Procuravam seu pai, apelidado de “Bacha”. Como não conseguiram encontrá-lo, levaram seu avô, Mohamed Ben Mokhtar, um lojista de 59 anos na época.

A família fez todo o possível para descobrir seu paradeiro: percorreu campos de detenção, escreveu para o general Jacques Massu, comandante da polícia em Argel, e para outros funcionários franceses.

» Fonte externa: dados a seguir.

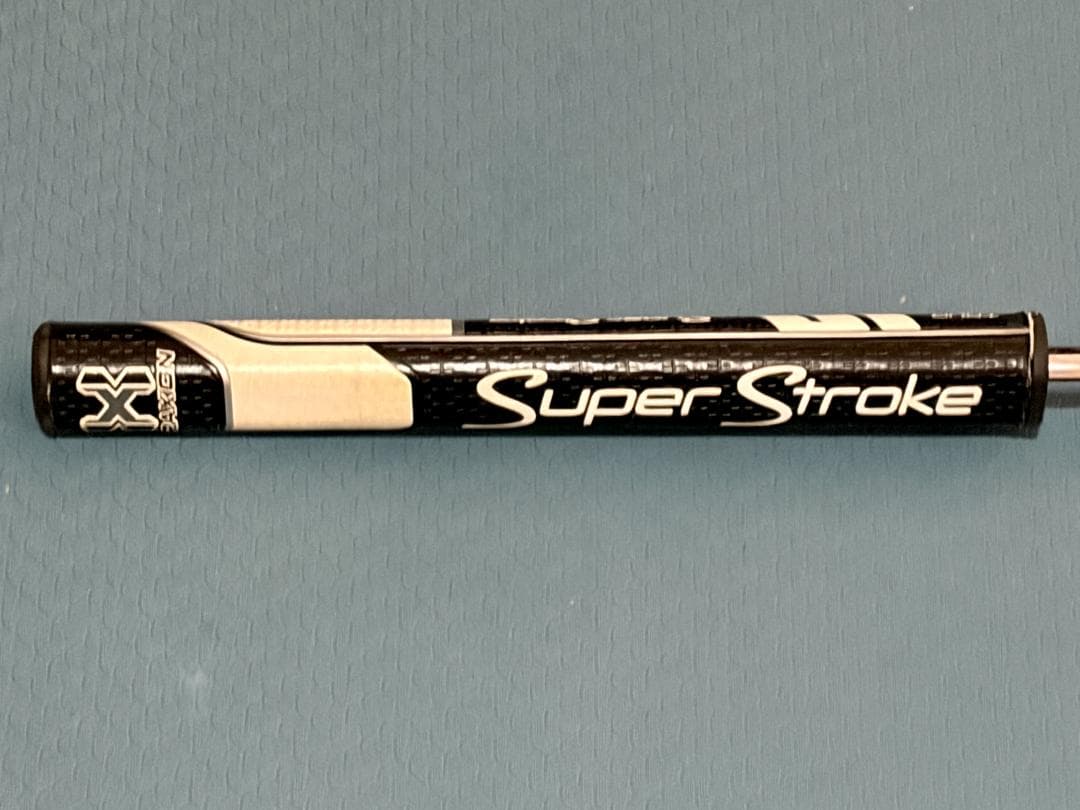 オデッセイ　PT PRO TYPE #9HT パター　カバー　おまけ2本セット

Em vão.

Como o avô de Tazir, milhares de argelinos foram engolidos pela máquina repressora posta em movimento pelo exército francês durante a “Batalha de Argel” em 1957.

Passados 60 anos do fim da guerra de independência da Argélia, o site francês 1000autres.org tenta tirá-los do esquecimento em que caíram.

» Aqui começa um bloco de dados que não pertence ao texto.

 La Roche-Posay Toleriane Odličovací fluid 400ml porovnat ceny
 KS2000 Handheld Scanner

Com base em uma lista de denúncias de desaparecimentos, os dois historiadores responsáveis por esse projeto lançaram um apelo a possíveis testemunhas para tentar descobrir o que aconteceu com os desaparecidos.

“Em virtude do estado de emergência e dos poderes especiais, os militares podiam levar, deter, interrogar e prender quase qualquer pessoa nos campos, sem prestar contas”, disse Fabrice Riceputi à AFP.

Os interrogatórios costumavam terminar em “acidentes de tortura ou execuções sumárias, quando consideravam que o acusado era irrecuperável, muito perigoso, ou não era mais apresentável à autoridade civil”, acrescenta este professor de história em Besançon.

– “Onde estão os corpos?” –

Desde sua criação em 2018, o site recebeu 400 mensagens, incluindo a de Mohamed Tazir. E se concluiu que houve 335 desaparecimentos definitivos, confirmados por familiares, ou por fontes de arquivo.

“O que as pessoas querem saber é onde estão os corpos e, eventualmente, depois, a verdade sobre o que aconteceu com eles”, explica Malika Rahal, outra historiadora envolvida no projeto.

Para as famílias, o 1000autres.org representa um memorial, onde seu parente finalmente recupera um rosto. No site, o nome de cada um está acompanhado, quando possível, de uma foto e um relato sobre seu desaparecimento.

Algumas famílias também têm a esperança de que a França finalmente reconheça este doloroso passado, como o presidente Emmanuel Macron fez com o matemático Maurice Audin, ou com o advogado Ali Boumendjel.